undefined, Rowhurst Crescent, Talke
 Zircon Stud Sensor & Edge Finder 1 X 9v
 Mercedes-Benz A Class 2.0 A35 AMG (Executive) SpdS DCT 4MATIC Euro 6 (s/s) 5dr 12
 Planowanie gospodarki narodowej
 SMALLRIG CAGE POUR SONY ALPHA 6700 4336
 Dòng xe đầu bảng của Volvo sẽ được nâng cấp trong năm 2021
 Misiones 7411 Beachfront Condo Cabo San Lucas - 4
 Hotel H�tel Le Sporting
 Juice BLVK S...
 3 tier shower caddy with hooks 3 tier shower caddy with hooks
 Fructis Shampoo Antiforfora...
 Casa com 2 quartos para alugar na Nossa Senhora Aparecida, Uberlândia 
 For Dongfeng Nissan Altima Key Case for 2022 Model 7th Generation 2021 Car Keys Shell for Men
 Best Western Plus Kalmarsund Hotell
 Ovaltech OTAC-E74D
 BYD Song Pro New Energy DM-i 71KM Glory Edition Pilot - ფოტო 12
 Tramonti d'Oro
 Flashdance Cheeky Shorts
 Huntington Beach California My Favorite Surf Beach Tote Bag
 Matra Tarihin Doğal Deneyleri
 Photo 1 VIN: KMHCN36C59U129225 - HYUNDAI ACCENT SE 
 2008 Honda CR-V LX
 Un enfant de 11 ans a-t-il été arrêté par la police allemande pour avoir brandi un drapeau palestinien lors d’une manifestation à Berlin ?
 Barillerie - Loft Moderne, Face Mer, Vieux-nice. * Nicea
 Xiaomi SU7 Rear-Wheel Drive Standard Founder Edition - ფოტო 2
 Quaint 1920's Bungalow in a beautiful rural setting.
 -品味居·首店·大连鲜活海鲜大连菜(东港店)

-- -- --

Where the word "Edition" appears in a line of the entries, copy that line.

 BYD Song Pro New Energy DM-i 71KM Glory Edition Pilot - ფოტო 12
 Xiaomi SU7 Rear-Wheel Drive Standard Founder Edition - ფოტო 2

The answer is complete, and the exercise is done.